(Saved entries)
=== Section Start ===
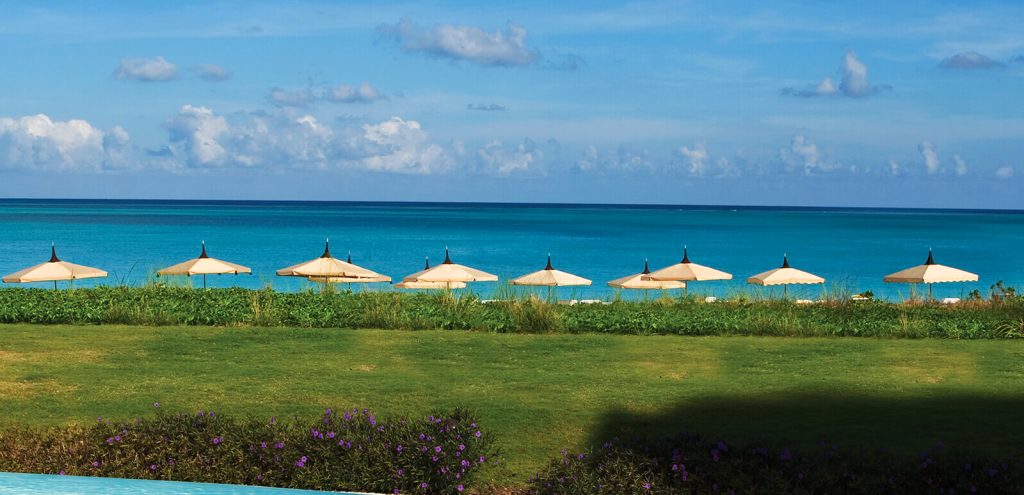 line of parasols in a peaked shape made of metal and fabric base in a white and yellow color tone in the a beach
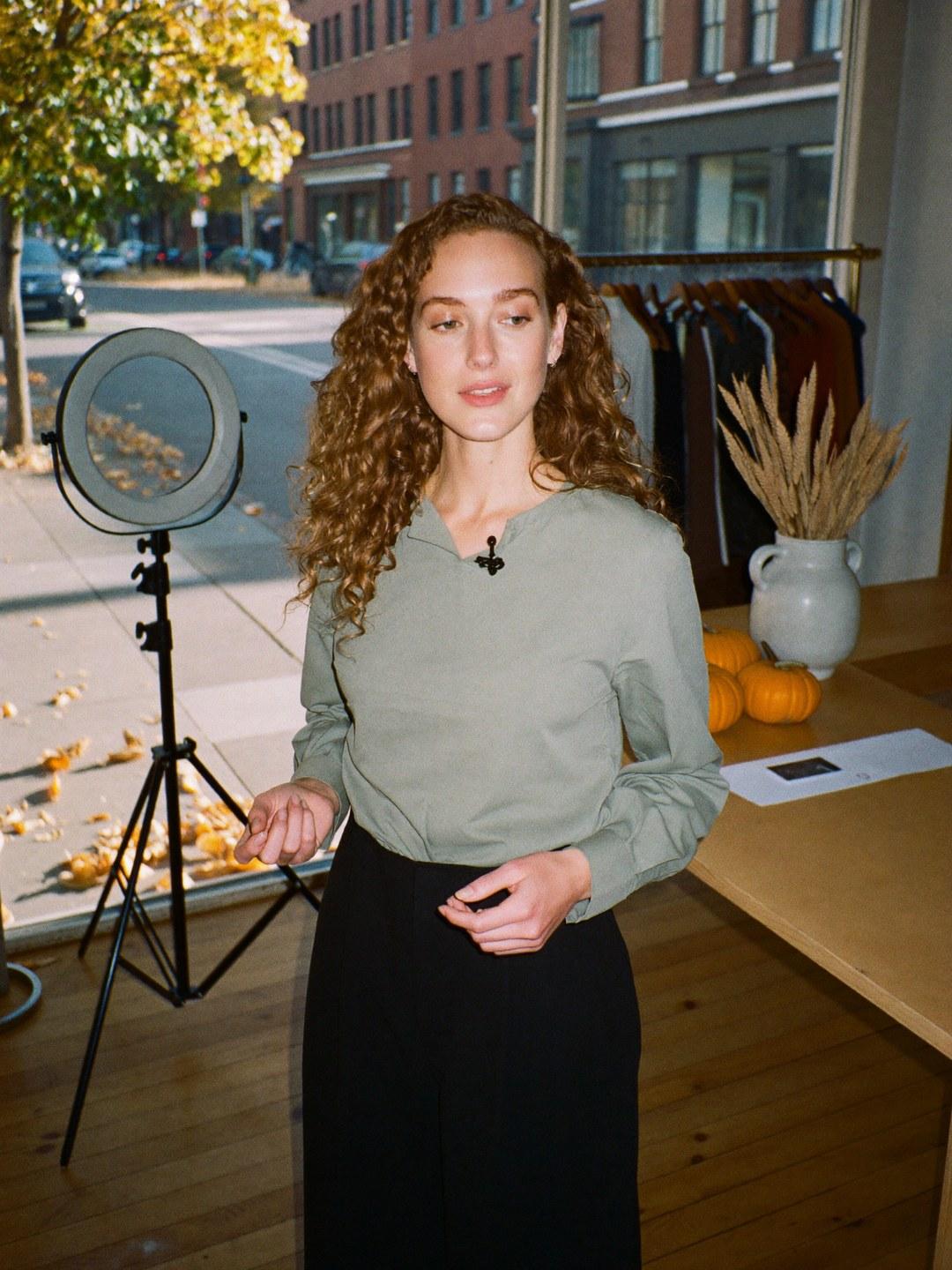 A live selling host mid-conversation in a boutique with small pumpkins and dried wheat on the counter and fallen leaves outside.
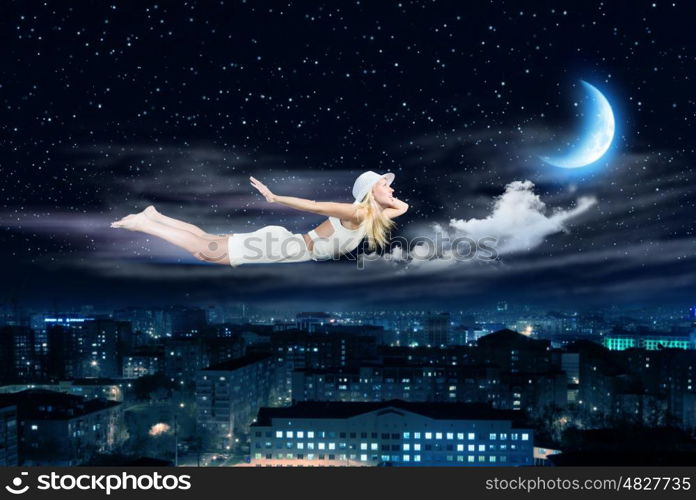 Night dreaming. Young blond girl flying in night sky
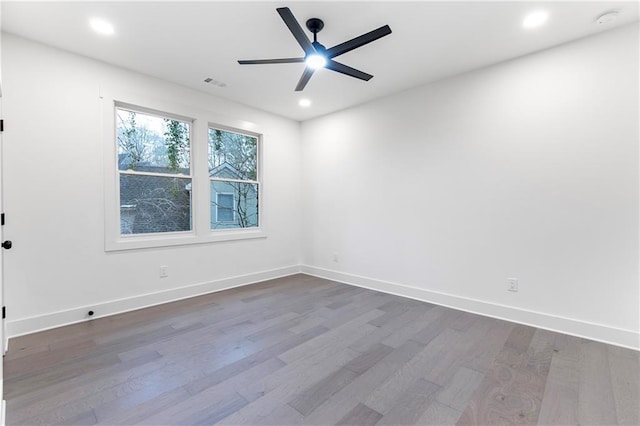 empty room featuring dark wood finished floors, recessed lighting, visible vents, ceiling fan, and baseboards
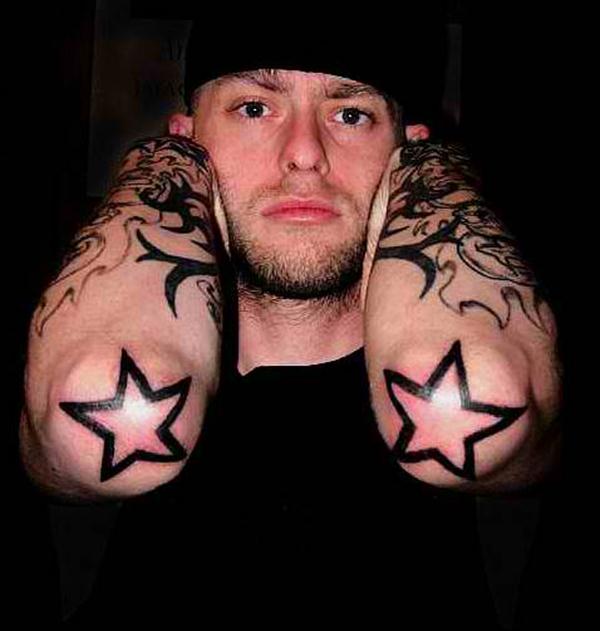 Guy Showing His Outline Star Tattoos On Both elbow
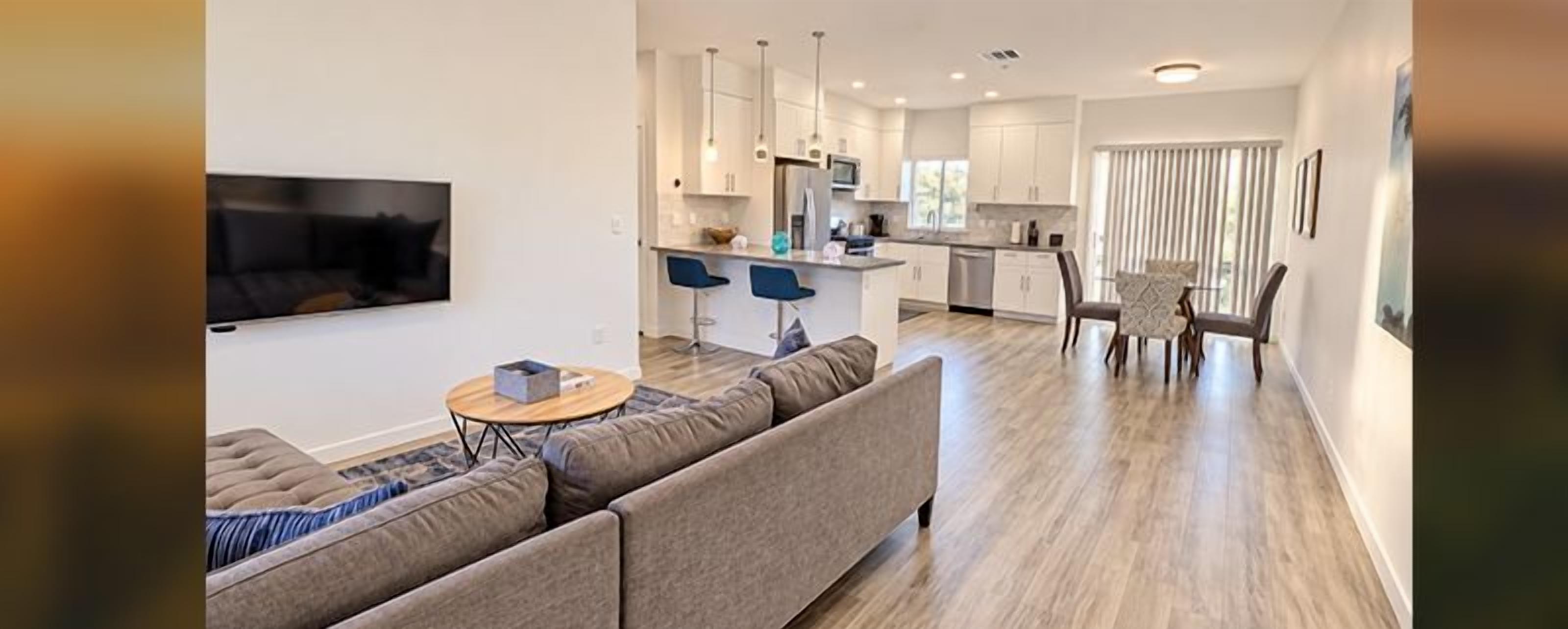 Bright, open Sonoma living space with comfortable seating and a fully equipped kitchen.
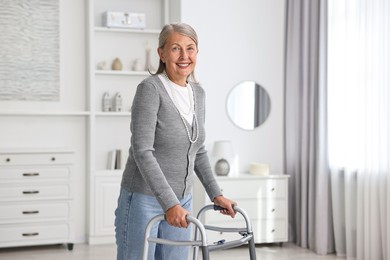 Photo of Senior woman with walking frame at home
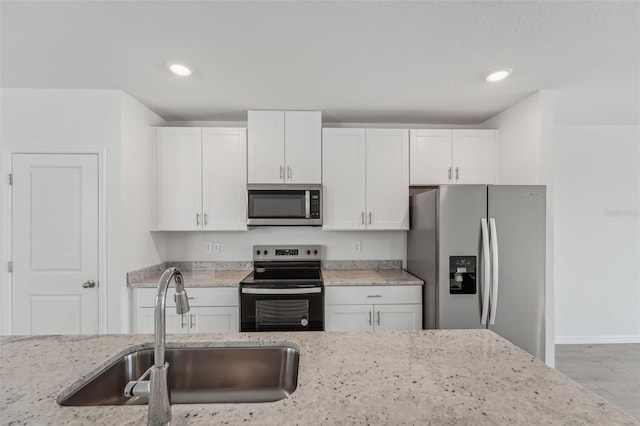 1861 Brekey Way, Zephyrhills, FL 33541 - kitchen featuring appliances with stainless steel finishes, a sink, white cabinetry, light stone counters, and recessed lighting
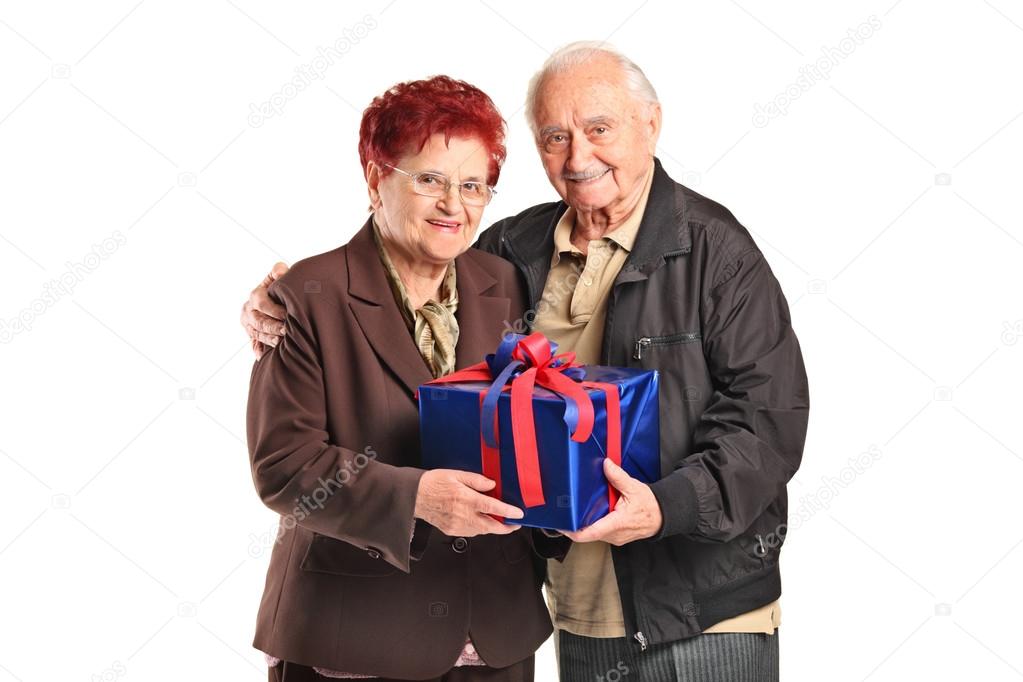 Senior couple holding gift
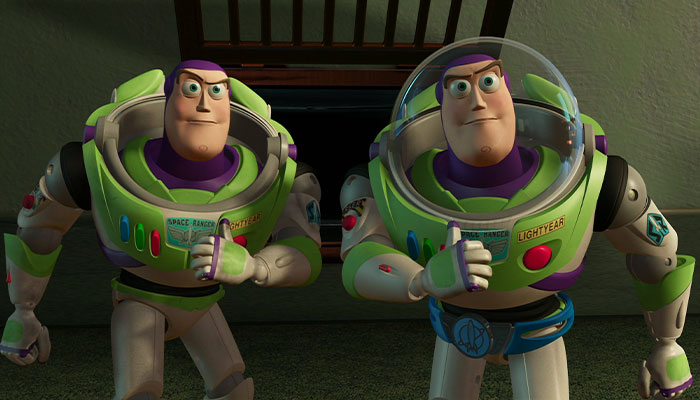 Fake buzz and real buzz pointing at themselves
=== Section End ===
→ **WHAT IS REQUIRED**
All of the entries must be reproduced exactly, apart from the pictures, which are to be dropped.

→ **EXERCISE RESPONSE**
 line of parasols in a peaked shape made of metal and fabric base in a white and yellow color tone in the a beach
 A live selling host mid-conversation in a boutique with small pumpkins and dried wheat on the counter and fallen leaves outside.
 Night dreaming. Young blond girl flying in night sky
 empty room featuring dark wood finished floors, recessed lighting, visible vents, ceiling fan, and baseboards
 Guy Showing His Outline Star Tattoos On Both elbow
 Bright, open Sonoma living space with comfortable seating and a fully equipped kitchen.
 Photo of Senior woman with walking frame at home
 1861 Brekey Way, Zephyrhills, FL 33541 - kitchen featuring appliances with stainless steel finishes, a sink, white cabinetry, light stone counters, and recessed lighting
 Senior couple holding gift
 Fake buzz and real buzz pointing at themselves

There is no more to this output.